Complete vector add example

The following example show how to call this vector add kernel in C++ through a complete, runnable piece of code.

There are a few things to note to help the compiler make optimizations.

First, for best performance, the input and output arrays should only be accessed through their respective pointers while the kernel is running. There is no aliasing—access using another pointer or symbol—to the arrays when this is true. Labeling array pointers with the __restrict__ decorator conveys this to the compiler.

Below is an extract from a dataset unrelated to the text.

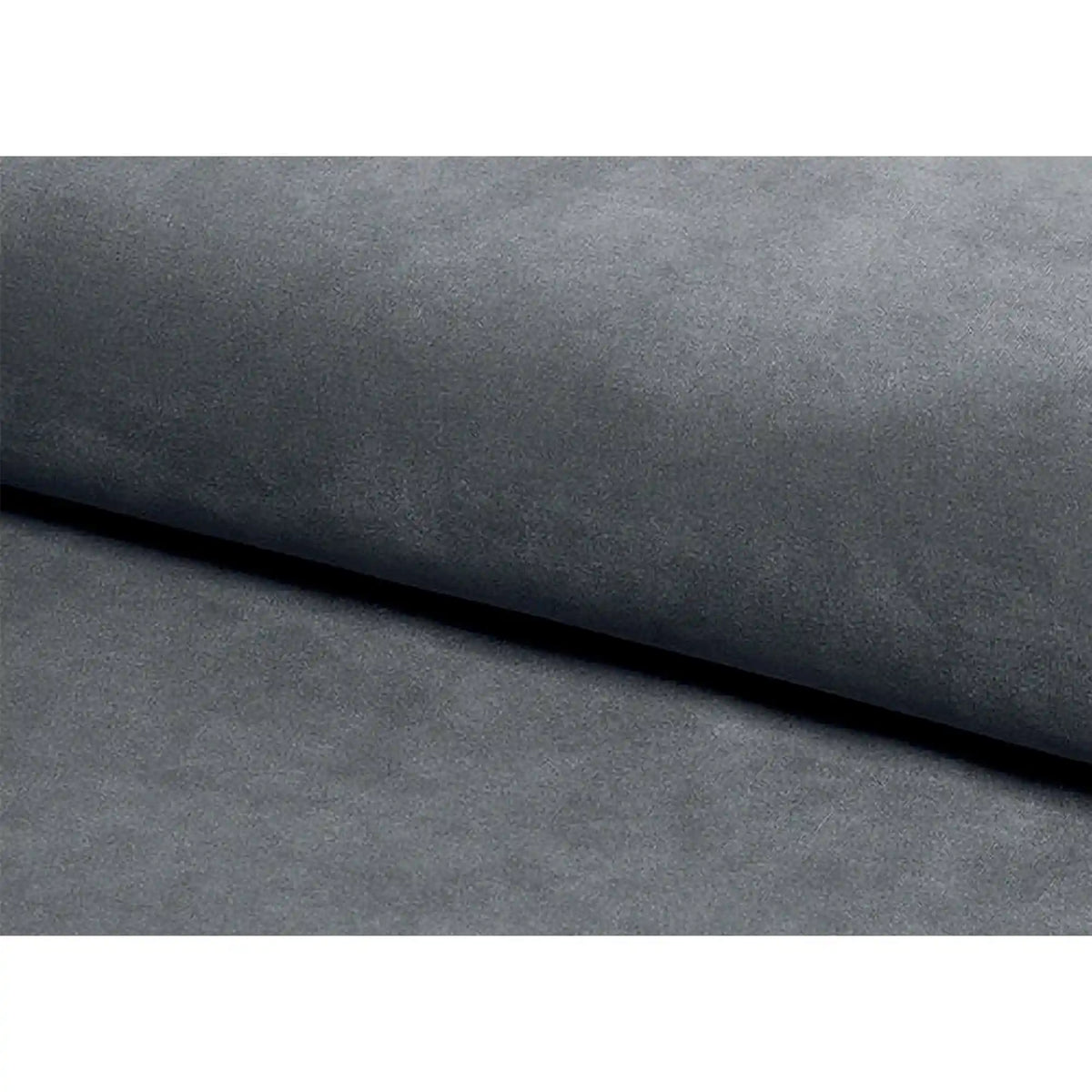 Fotoliu LORD, stofa catifelata gri - Bluvel 14/wenge, 82x92x101 cm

Using arrays with base pointers aligned to 16-byte boundaries helps the compiler generate more efficient memory access patterns. Tell the compiler that pointers are aligned by calling ct::assume_aligned<16> on each of the kernel arguments. Use the return values of these calls for the compiler to take advantage of this alignment. Pointers returned by cudaMalloc or similar CUDA APIs always fulfill this, as they have 256-byte alignment.

Finally, use a tile size much larger than 8. Make these adjustments to the runnable code that follows and add the use of load_masked and store_masked, which handles data that might not be divisible by the tile size.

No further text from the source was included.